A well-managed company with an undervalued stock price and alluring growth estimates could well be a diamond in the rough. On the other hand, there could be a legitimate reason the company's stock price does not reflect the expected value of respectable fundamental measures. The key is determining which factors are actually shaping the stock price.
Apple (NASDAQ:AAPL) fits the model of a company with a P/E ratio less than its industry average, a PEG less than 1 and no debt. This won't be yet another article trying to explain the factors that are or are not shaping Apple's stock price. There are another few dozen companies that also fit the model. Four of those companies are household names like Apple. The four are Winnebago Industries (NYSE:WGO), PC Connections (NASDAQ:PCCC), Pier 1 Imports (NYSE:PIR) and Select Comfort Corporation (NASDAQ:SCSS).
5 Year EPS Growth Est.1
Debt to Equity
based on 2014 Est.
Current Price 3/8/13
Pier 1 Imports
1Estimates from Thomson Reuter's StockReports+
Based on the potential for price appreciation, Pier 1's current stock price is somewhat in range of a fair value. The other three warrant further analysis to determine if, perhaps, there may be a jewel amidst the group.

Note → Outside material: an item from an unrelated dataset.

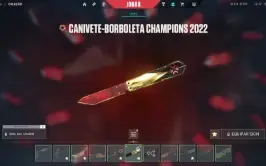 Conta Full Acesso, CHAMPIONS 2022
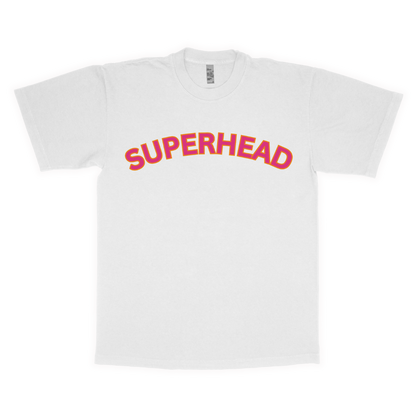 Superhead adult t-shirt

Winnebago is not only a recognizable name; there are actually people who believe all motor homes are a Winnebago similar to the notion that all tissues are Kleenex. Because of that concept, it is ironic to discover that Winnebago holds barely 20% of the market share of the recreational vehicle [RV] industry. To its credit, in 2012, from an overall perspective, it moved from the #3 spot to the #2. However, in Canada, it slipped from the #2 spot to the #3.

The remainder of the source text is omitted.